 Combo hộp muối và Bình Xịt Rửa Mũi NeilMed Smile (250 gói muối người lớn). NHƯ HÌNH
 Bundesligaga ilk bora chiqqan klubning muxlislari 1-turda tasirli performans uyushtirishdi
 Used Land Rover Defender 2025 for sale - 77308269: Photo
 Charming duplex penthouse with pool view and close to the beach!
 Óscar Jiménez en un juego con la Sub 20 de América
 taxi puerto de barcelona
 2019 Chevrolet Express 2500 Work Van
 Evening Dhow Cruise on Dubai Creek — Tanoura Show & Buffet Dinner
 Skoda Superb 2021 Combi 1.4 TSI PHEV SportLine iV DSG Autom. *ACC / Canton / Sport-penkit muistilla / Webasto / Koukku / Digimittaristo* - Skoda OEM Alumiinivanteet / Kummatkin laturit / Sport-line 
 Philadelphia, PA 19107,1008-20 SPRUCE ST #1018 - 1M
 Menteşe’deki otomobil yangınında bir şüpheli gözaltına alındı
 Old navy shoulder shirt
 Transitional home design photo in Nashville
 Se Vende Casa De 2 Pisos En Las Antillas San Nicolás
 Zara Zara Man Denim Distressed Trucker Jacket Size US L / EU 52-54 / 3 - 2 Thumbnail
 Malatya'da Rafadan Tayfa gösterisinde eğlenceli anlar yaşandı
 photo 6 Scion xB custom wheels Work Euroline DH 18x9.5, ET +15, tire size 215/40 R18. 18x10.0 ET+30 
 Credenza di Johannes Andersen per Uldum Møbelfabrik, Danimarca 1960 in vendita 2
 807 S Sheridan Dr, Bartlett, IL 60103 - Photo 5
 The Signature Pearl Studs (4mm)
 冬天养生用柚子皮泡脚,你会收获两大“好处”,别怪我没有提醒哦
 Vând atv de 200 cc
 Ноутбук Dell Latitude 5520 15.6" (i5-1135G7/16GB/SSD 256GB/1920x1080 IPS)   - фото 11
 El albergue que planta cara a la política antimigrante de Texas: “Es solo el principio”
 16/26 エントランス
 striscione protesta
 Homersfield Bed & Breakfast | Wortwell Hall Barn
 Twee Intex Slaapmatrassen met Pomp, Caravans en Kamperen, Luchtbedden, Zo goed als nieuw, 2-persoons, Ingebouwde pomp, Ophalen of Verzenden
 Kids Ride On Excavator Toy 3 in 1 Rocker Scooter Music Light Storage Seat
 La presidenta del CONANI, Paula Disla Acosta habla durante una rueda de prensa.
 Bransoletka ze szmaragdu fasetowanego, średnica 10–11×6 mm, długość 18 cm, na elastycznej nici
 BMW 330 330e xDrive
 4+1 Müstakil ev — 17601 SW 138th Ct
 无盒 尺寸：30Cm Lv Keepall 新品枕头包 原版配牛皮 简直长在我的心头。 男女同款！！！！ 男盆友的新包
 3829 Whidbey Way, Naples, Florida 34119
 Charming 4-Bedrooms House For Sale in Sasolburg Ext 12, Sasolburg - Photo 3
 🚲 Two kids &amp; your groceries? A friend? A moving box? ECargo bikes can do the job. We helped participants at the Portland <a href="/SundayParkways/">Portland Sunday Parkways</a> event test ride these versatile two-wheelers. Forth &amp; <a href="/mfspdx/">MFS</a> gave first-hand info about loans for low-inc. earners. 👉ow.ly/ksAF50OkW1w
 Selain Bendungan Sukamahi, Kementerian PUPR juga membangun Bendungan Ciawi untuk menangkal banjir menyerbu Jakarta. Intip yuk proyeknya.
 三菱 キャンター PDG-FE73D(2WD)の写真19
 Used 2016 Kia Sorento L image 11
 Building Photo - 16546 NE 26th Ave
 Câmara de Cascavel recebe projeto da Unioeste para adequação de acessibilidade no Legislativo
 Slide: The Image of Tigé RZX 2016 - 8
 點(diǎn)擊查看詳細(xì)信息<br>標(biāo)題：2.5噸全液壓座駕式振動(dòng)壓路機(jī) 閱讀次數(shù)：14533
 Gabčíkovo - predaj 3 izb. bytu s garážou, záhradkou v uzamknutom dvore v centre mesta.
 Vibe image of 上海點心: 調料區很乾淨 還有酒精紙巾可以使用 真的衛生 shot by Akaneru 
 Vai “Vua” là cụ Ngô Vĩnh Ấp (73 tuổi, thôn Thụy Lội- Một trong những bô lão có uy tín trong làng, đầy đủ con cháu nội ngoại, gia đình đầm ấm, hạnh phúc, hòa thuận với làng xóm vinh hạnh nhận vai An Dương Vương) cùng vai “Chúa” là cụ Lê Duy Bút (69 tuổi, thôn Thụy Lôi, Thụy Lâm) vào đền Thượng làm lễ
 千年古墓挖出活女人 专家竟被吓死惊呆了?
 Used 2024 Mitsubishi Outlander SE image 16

= Goal of the exercise =
For each line above that contains the word "Charming", copy that line.

= Exercise output =
 Charming duplex penthouse with pool view and close to the beach!
 Charming 4-Bedrooms House For Sale in Sasolburg Ext 12, Sasolburg - Photo 3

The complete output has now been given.